The main thing this coming week is to address an issue that I only became fully aware of in the middle of this week: Many places in the code use jumps with a 32-bit relative displacement that are sometimes patched later to point to a different destination. The problem is sometimes you need to patch it to point to a location farther away.
This issue had been masked by the fact that on some operating systems (Linux included), you can give the operating system a hint as to where you'd like the memory to be allocated, and as a result, all of the memory used by the JIT was within 32 bits of each other. But we can't count on that working all the time on all platforms, so we need to handle the edge case.

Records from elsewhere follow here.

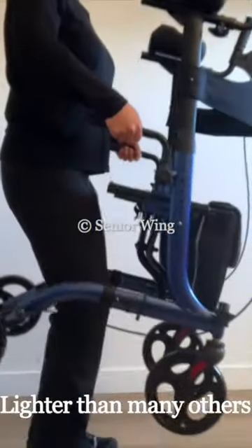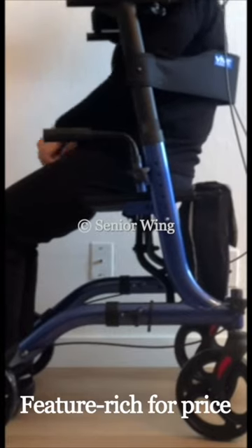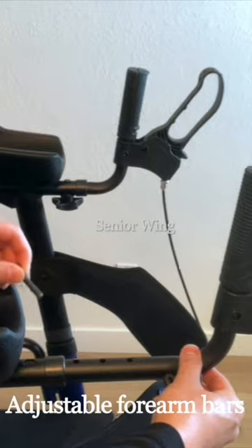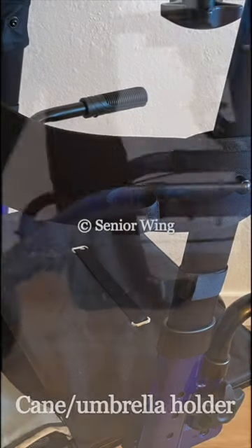Weighing just 20 pounds, it's lighter and more portable than many other upright walkers. It also includes a lot of extras for a mid-range device, like sit-to-stand handles, adjustable forearm lengths, foot lift pedals, wheel safety reflectors, and a cane or umbrella holder.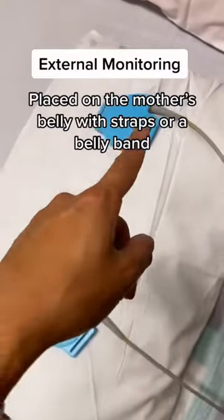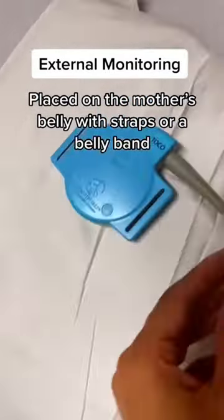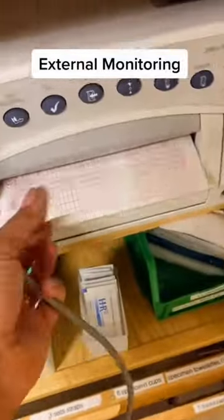This is the typical external monitoring device. You have the ultrasound — you put gel on it and place it on the mother's belly to find the heart rate. This is the TOCO, which monitors contractions, and it is attached to this machine which prints out paper.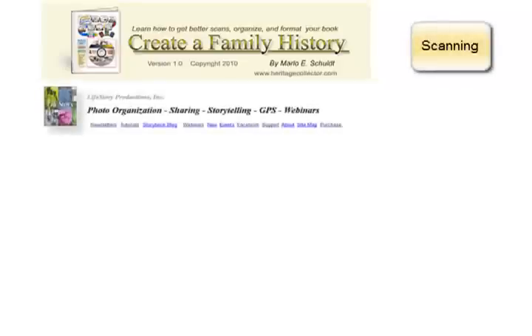This tip is one of 16 scanning how-to tutorials from the Create a Family History guidebook. More scanning tips and helpful information about creating a family history may be found by clicking on this link. Using Heritage Collector while scanning will save time by helping you organize your photos as you scan. Click here for more information about Heritage Collector.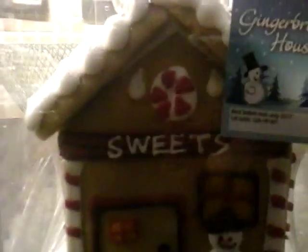Like, subscribe, and comment down below. Bye bye! And comment if you've ever made a — what's it called — gingerbread house! Yeah, goodbye!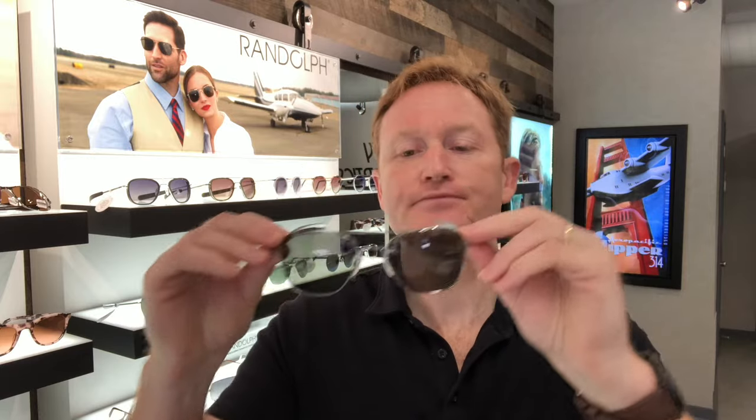A little bit about the lenses — these are Skytech mineral glass lenses, they are 1.8 millimeters thick and very lightweight. Glass has the best clarity, it also has the best scratch resistance, and one of the benefits is it's the easiest to keep clean.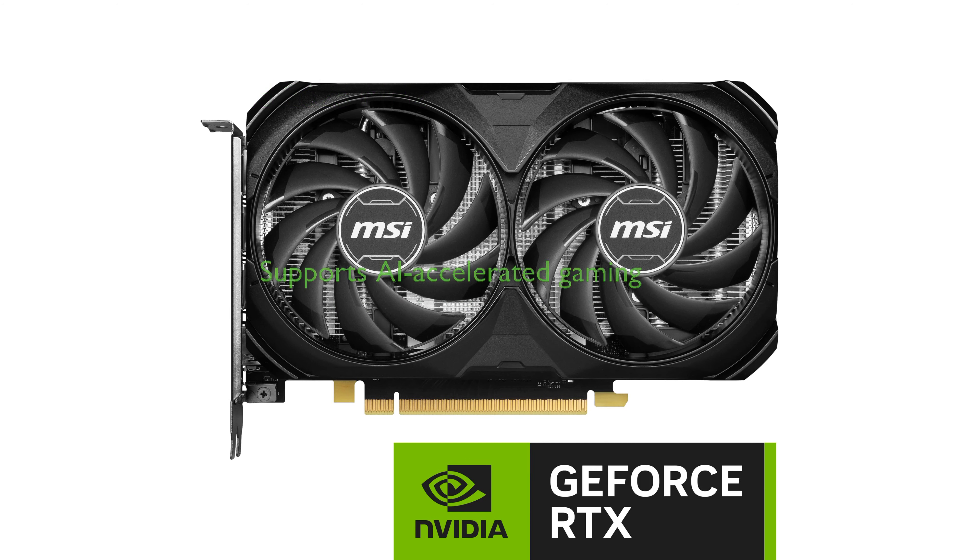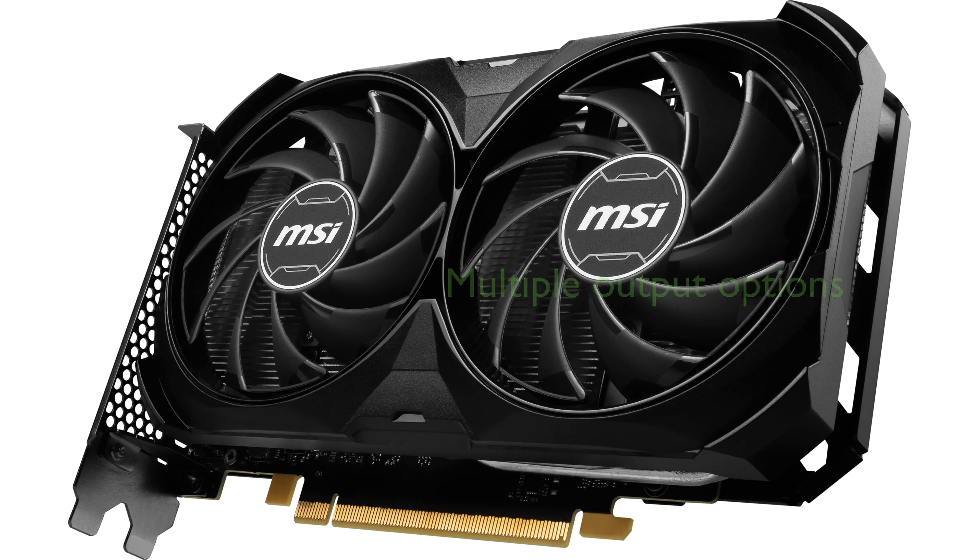The MSI RTX 4060 Ti supports AI-accelerated gaming with features like ray tracing and DLSS 3, offering an immersive gaming experience. The card also comes with multiple output options, including three DisplayPort 1.4a and one HDMI 2.1a, ensuring compatibility with a wide range of devices.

We have a plan for how to fix this while not making the common case any less efficient, and while it is not hugely difficult, it also isn't trivial.
After this issue is taken care of, the next thing will be to port the asmgcc root-finding strategy to 64-bit. (Without this, 64-bit JIT would have to use the very slow boehm garbage collector, which sort of defeats the purpose of a JIT)
Friday, June 11, 2010
PyPy GSoC update: Most tests pass on 64-bit and 32-bit CPUs
Most JIT tests now pass on both 32-bit and 64-bit CPUs. However, there are some caveats:
- I made some changes that make the code no longer "RPythonic", which means you can't actually build a working, JIT-enabled, PyPy with this code quite yet.
- The rx86 module has accumulated some code duplication.
- There are a number of miscellaneous hacks I had to add that I'd like to get rid of somehow.
- 64-bit memory references aren't as efficient (in terms of code size) as they could be.
My plan for next week is to spend some time cleaning up the rx86 module, and then working on making the JIT translatable again. If by some miracle I get both of those things done next week, I'll start on the other two items. :-)
Monday, June 07, 2010
rx86 conversion complete, 64-bit work started
Last week saw the completion of the rx86 conversion: All tests pass, and the JIT works on i386 machines.
Last week I started on actually implementing 64-bit support. Mostly this will be an exercise in "magic removal": Locating those parts of the code that are only applicable to i386, and either adapting them to work with both i386 and x86_64 or else factoring those differences out into arch-specific classes.
One issue specific to x86_64 is the fact that most instructions cannot encode a 64-bit immediate value. I've worked around this by setting aside one register as a scratch register, and loading the immediate to that register first when a case like this arises. In the future I may try to optimize this to output a 32-bit relative displacement in the cases where that could work.